Mortgage defaults rise as borrowers struggle to keep up

About 5.8 million Australians have struggled to make loan repayments in the past 12 months.

About 5.8 million Australians have struggled to make loan repayments in the past 12 months. Photo: AAP

The number of mortgage holders defaulting on their loans has ticked higher over the past few months as lenders come under regulatory fire to do more to help financially stricken customers.

The head of the prudential regulation watchdog, John Lonsdale, said high inflation, geopolitical risks and elevated borrowing costs remained a concern.

In an opening statement to a parliamentary hearing, Lonsdale from the Australian Prudential Regulation Authority said borrowers were falling behind on their home loan repayments in higher numbers, but the increase was up from a low base.

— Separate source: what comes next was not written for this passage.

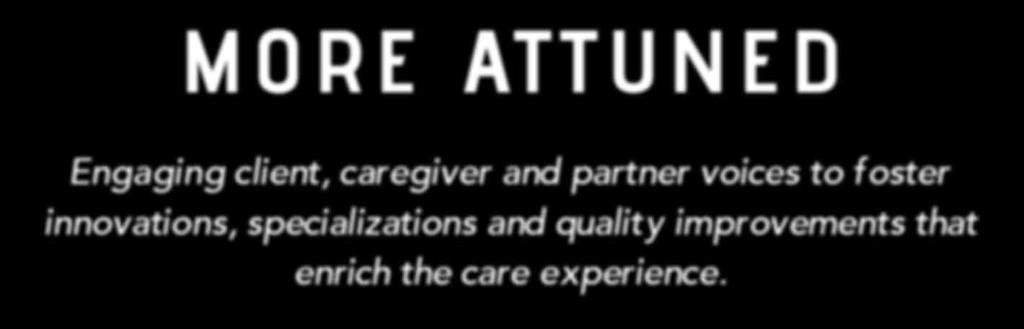 MORE ATTUNED Engaging client, caregiver and partner voices to foster innovations, specializations and quality improvements that enrich the care experience.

“Borrowers experiencing financial hardship are also increasing, however, many borrowers maintain prepayment buffers,” he outlined in the statement.

In the same hearing, the Australian Securities and Investment Commission confirmed it was formally investigating three separate lenders for failing to do enough to help customers in financial hardship.

Lenders have a responsibility to consider options to vary customer repayment obligations if notified of hardship under the national credit code.

ASIC chair Joe Longo said lenders were ignoring hardship notices and “effectively abandoning customers who needed their support in a time of need”.

Speaking at the parliamentary hearing on Tuesday, Longo detailed an “egregious” case study where a customer made five separate calls over six months before the lender responded to a hardship request.

The customer, who was struggling to make mortgage repayments after having to take time off work, was continually “bounced from call centre to a branch and back to the call centre before they were transferred through to the hardship team”.

“This is not good enough,” Longo said.

“Lenders need to do better to help Australians doing it tough.”

Lenders had been given feedback on their hardship assistance processes, Longo said, and been asked to provide an action plan to address any issues.

The anecdote stemmed from a recent investigation by the regulator revealing accessing financial assistance was so challenging, more than one in three Australians had dropped out of the application process.

Rates of financial hardship were high, separate ASIC research released on Monday revealed, reflecting a string of interest rate hikes and cost-of-living pressures.

About half of Australian adults with debt, the equivalent of 5.8 million people, had struggled to make repayments in the past 12 months.

Tough economic conditions has kept consumer confidence in the doldrums and below the neutral level of ANZ and Roy Morgan’s weekly survey for two years running.

Last week, the sentiment index was largely unchanged, though the gauge of inflation expectations rose a little, probably reflecting the stronger-than-expected monthly consumer price index.